◆ GIVEN ENTRIES:

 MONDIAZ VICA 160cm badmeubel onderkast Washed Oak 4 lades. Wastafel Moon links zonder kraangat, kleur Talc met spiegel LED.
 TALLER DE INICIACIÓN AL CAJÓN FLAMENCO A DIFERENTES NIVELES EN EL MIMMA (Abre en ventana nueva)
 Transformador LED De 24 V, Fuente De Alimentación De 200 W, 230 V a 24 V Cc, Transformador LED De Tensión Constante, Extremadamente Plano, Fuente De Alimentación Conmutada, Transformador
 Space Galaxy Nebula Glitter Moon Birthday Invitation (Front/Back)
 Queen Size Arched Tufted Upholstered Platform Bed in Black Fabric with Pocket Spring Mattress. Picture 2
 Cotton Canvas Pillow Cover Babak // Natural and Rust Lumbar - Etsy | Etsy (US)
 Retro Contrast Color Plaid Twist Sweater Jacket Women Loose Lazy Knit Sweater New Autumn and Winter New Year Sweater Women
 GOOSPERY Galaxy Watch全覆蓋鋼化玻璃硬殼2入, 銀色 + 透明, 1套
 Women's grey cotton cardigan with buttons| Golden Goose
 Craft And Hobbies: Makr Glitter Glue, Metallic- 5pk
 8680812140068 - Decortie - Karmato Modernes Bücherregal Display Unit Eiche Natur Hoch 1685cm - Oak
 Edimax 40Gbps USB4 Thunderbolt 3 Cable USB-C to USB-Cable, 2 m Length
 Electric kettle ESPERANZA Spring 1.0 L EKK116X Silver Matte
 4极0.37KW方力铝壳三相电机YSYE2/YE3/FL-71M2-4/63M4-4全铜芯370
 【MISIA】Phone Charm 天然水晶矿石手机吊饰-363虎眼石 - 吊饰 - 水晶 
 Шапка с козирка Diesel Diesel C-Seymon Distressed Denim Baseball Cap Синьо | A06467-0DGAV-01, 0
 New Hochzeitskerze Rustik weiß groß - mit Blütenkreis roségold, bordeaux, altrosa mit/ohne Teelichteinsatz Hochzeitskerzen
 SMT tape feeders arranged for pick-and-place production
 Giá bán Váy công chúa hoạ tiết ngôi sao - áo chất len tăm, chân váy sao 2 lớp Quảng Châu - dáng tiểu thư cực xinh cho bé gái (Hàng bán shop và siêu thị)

◆ WHAT YOU SHOULD DO: The answer should hold only the lines from the start of the records above through the line containing "Space Galaxy Nebula", each set down exactly.

◆ ANSWER TO THIS EXERCISE:
 MONDIAZ VICA 160cm badmeubel onderkast Washed Oak 4 lades. Wastafel Moon links zonder kraangat, kleur Talc met spiegel LED.
 TALLER DE INICIACIÓN AL CAJÓN FLAMENCO A DIFERENTES NIVELES EN EL MIMMA (Abre en ventana nueva)
 Transformador LED De 24 V, Fuente De Alimentación De 200 W, 230 V a 24 V Cc, Transformador LED De Tensión Constante, Extremadamente Plano, Fuente De Alimentación Conmutada, Transformador
 Space Galaxy Nebula Glitter Moon Birthday Invitation (Front/Back)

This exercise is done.